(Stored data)
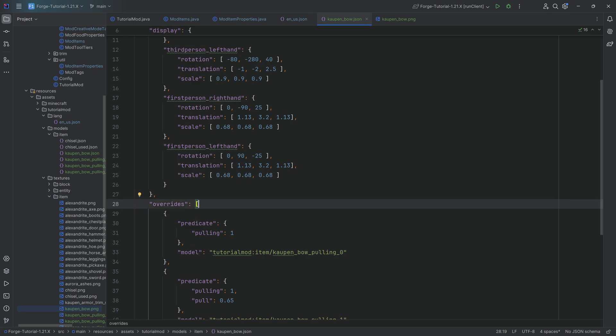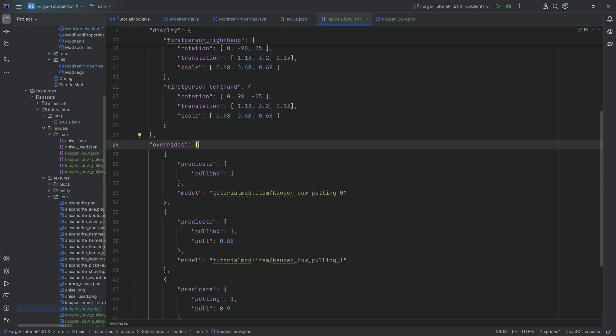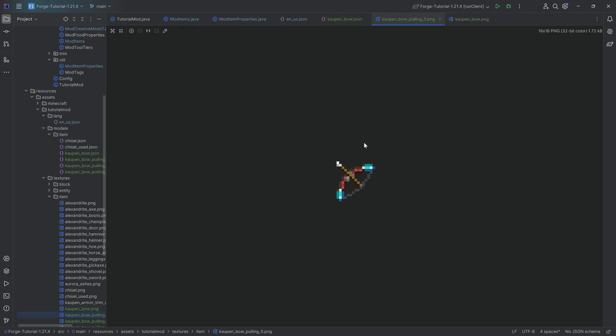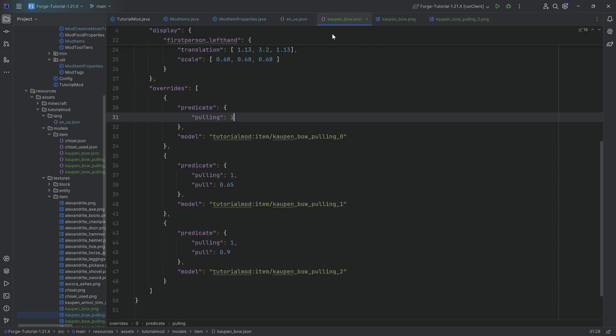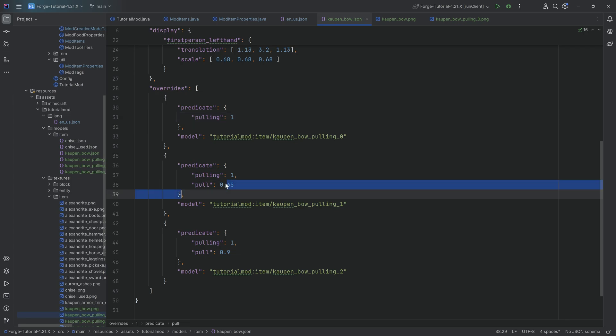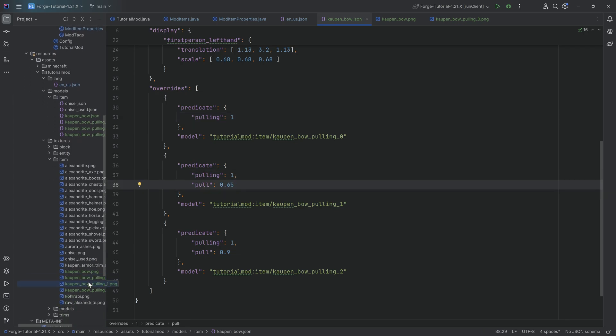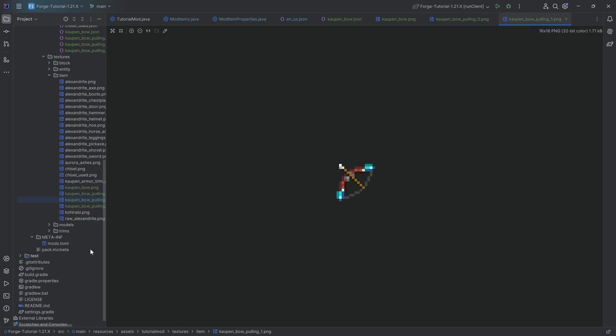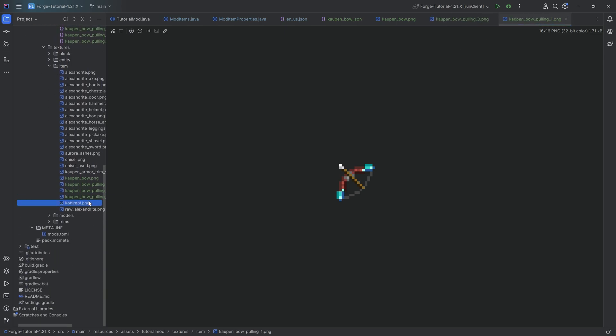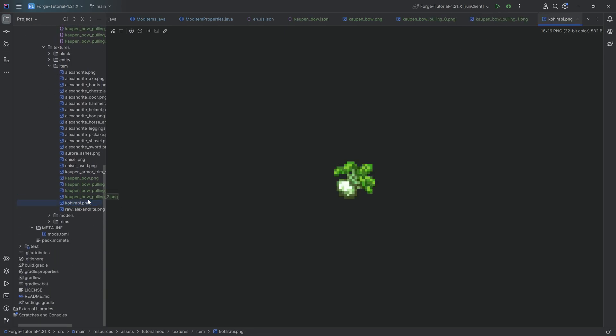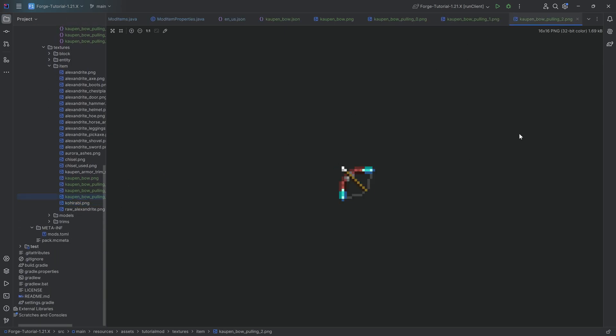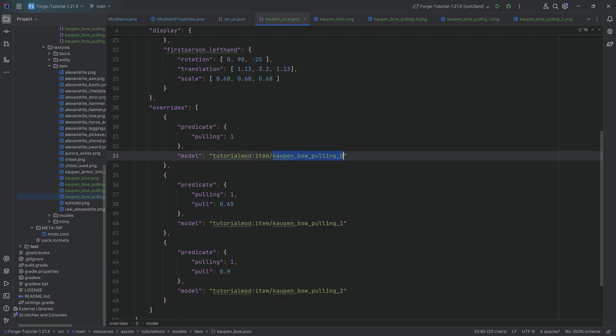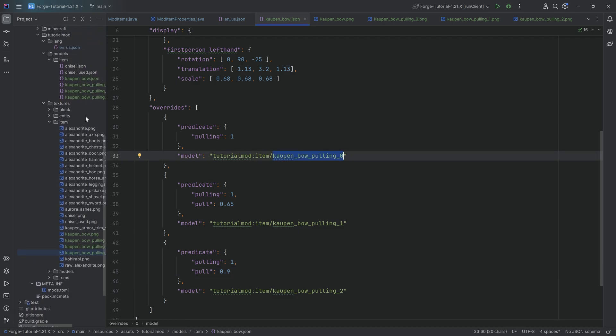That is basically all we're doing in the display over here. And then the overrides, that is what we've seen last time as well with the item properties where we're saying, hey, if we're pulling, then I immediately want to change to this texture. If we're 65% of the way done with the pull, then I want to show this texture. And lastly, I want to show this texture when we are 90% all the way done with pulling. That is the whole idea in this case. So we're basically pointing to a different item model JSON file, and then this one just points to a different texture.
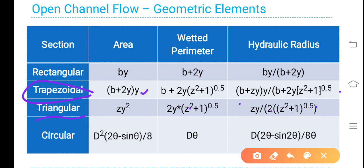Similarly, for triangular section: area is ZY squared, and wetted perimeter is 2Y multiplied by (Z squared plus 1) to the power of 0.5. Therefore hydraulic radius after simplification is ZY upon 2 times (Z squared plus 1) to the power of 0.5. For circular section: area is D squared multiplied by (2theta minus sin 2theta) upon 8, wetted perimeter is D theta, and hydraulic radius is D multiplied by (2theta minus sin 2theta) divided by 8 theta.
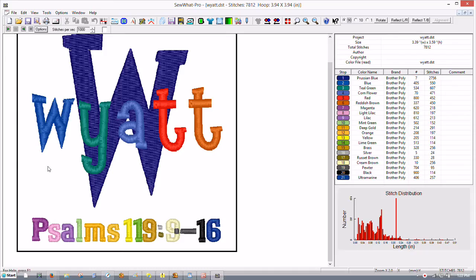Hi, this is Terri with Sweet Stitch and Embroidery and Design. I'm going to show you how to do some editing in your Sew Up Pro software with your text.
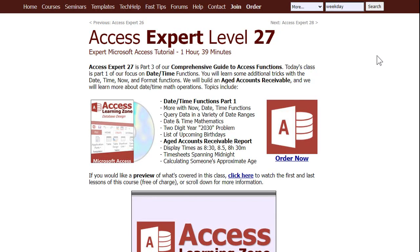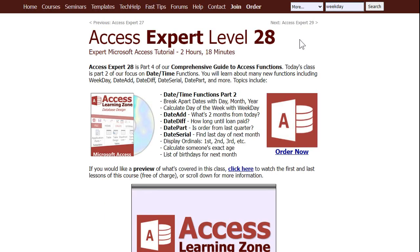If you want to learn more about all this date and time function stuff in Access, I have two classes that cover pretty much everything you want to know about dates and times: Access Expert 27 and its follow-up Access Expert 28. All kinds of different things you can do with dates, times, calculations, and moving parts.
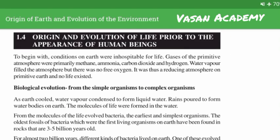Next section: origin and evolution of life prior to the appearance of human beings. To begin with, conditions on earth were inhospitable for life. Gases of the primitive atmosphere were primarily methane, ammonia, carbon dioxide and hydrogen. Water vapour filled the atmosphere but there was no free oxygen — it was thus a reducing atmosphere on primitive earth and no life existed.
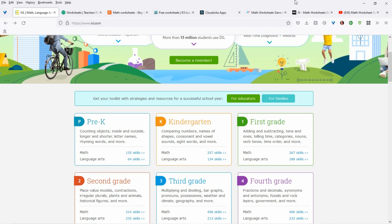Hi there, Maureen from Color Me Positive PLR. I had a few people ask me about the Math Worksheet Generator and what if they're not teachers or they don't know math — how are they going to create all these things? It's really simple.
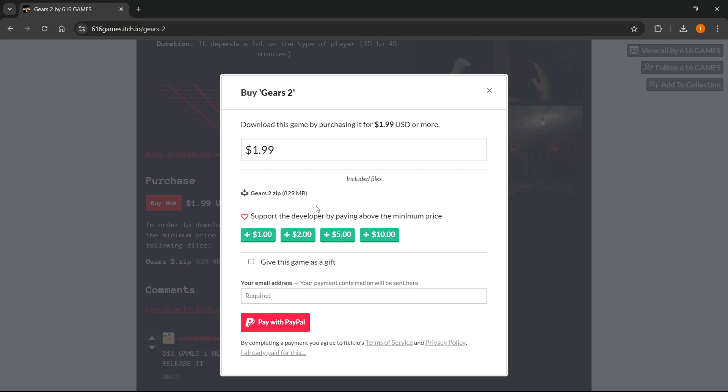Once you download it to your computer, you simply want to right click and then click unzip here or extract here or anything like this depending on your system and then you'll be able to extract this folder.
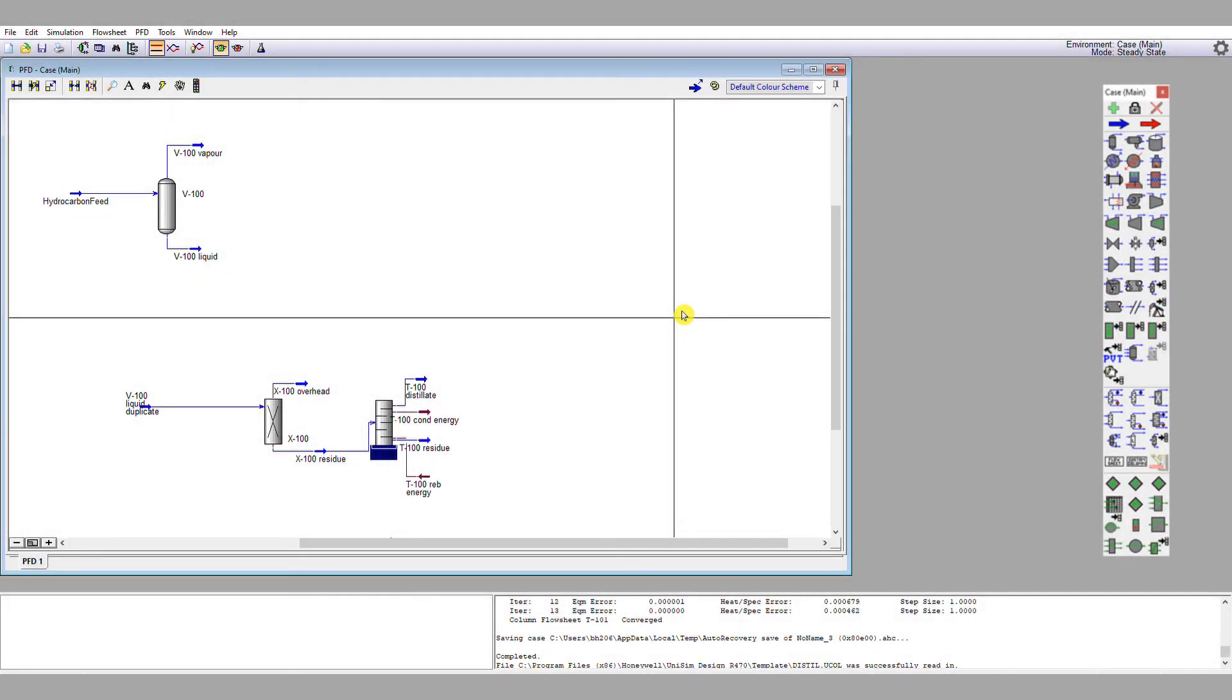I've closed the results page from my shortcut column, but before I did that, I noted a few pieces of information down. I noted down my number of stages, about 15. I noted down my feed stage, between 9 and 10.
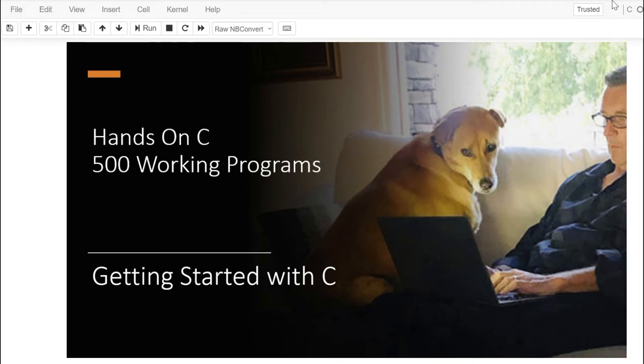Welcome to this lesson on getting started with C. If you've never programmed before, don't worry. We're going to create your first program, and then we're going to create several more until you're comfortable with the process.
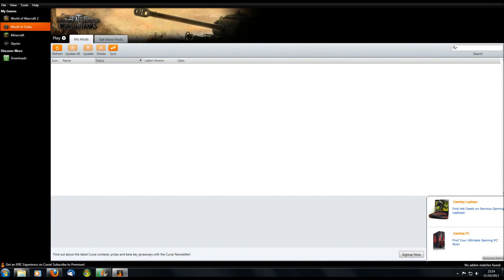Welcome back to World of Tanks replays with Mighty Jingles. There is absolutely no gameplay in this video whatsoever, so if you came here looking for tank battles, have a look at my ISE 152 video that I also uploaded today. This one is purely informational — it's how to install mods for World of Tanks. There have been quite a few people requesting information on how you actually go about installing mods and where you can get them.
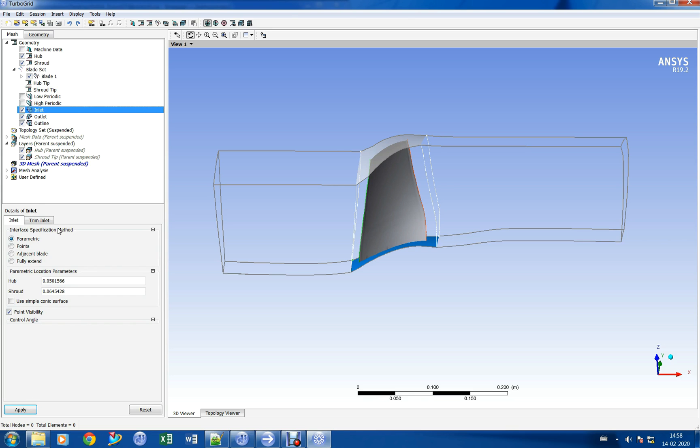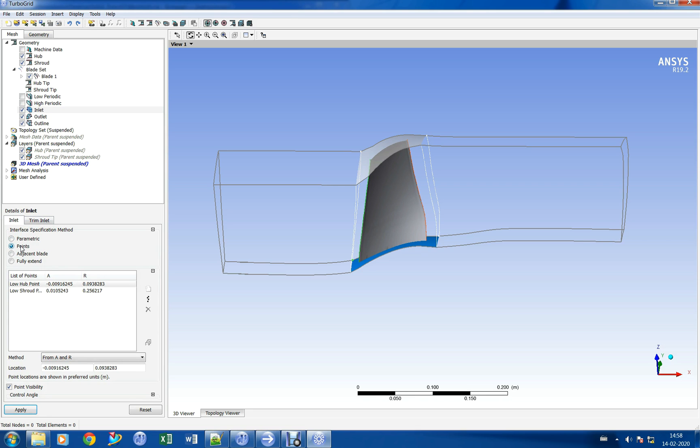Let us move the inlet and outlet surfaces to a particular distance in the upstream and downstream directions.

To do>
Leaving the pictures out, write out every entry exactly.

Answer to this problem>
That is basically all we're doing in the display over here. And then the overrides, that is what we've seen last time as well with the item properties where we're saying, hey, if we're pulling, then I immediately want to change to this texture. If we're 65% of the way done with the pull, then I want to show this texture. And lastly, I want to show this texture when we are 90% all the way done with pulling. That is the whole idea in this case. So we're basically pointing to a different item model JSON file, and then this one just points to a different texture.
Similarly, for triangular section: area is ZY squared, and wetted perimeter is 2Y multiplied by (Z squared plus 1) to the power of 0.5. Therefore hydraulic radius after simplification is ZY upon 2 times (Z squared plus 1) to the power of 0.5. For circular section: area is D squared multiplied by (2theta minus sin 2theta) upon 8, wetted perimeter is D theta, and hydraulic radius is D multiplied by (2theta minus sin 2theta) divided by 8 theta.
Hi, this is Terri with Sweet Stitch and Embroidery and Design. I'm going to show you how to do some editing in your Sew Up Pro software with your text.
If you want to learn more about all this date and time function stuff in Access, I have two classes that cover pretty much everything you want to know about dates and times: Access Expert 27 and its follow-up Access Expert 28. All kinds of different things you can do with dates, times, calculations, and moving parts.
Next section: origin and evolution of life prior to the appearance of human beings. To begin with, conditions on earth were inhospitable for life. Gases of the primitive atmosphere were primarily methane, ammonia, carbon dioxide and hydrogen. Water vapour filled the atmosphere but there was no free oxygen — it was thus a reducing atmosphere on primitive earth and no life existed.
Hi there, Maureen from Color Me Positive PLR. I had a few people ask me about the Math Worksheet Generator and what if they're not teachers or they don't know math — how are they going to create all these things? It's really simple.
Once you download it to your computer, you simply want to right click and then click unzip here or extract here or anything like this depending on your system and then you'll be able to extract this folder.
I've closed the results page from my shortcut column, but before I did that, I noted a few pieces of information down. I noted down my number of stages, about 15. I noted down my feed stage, between 9 and 10.
Welcome to this lesson on getting started with C. If you've never programmed before, don't worry. We're going to create your first program, and then we're going to create several more until you're comfortable with the process.
Welcome back to World of Tanks replays with Mighty Jingles. There is absolutely no gameplay in this video whatsoever, so if you came here looking for tank battles, have a look at my ISE 152 video that I also uploaded today. This one is purely informational — it's how to install mods for World of Tanks. There have been quite a few people requesting information on how you actually go about installing mods and where you can get them.
Let us move the inlet and outlet surfaces to a particular distance in the upstream and downstream directions.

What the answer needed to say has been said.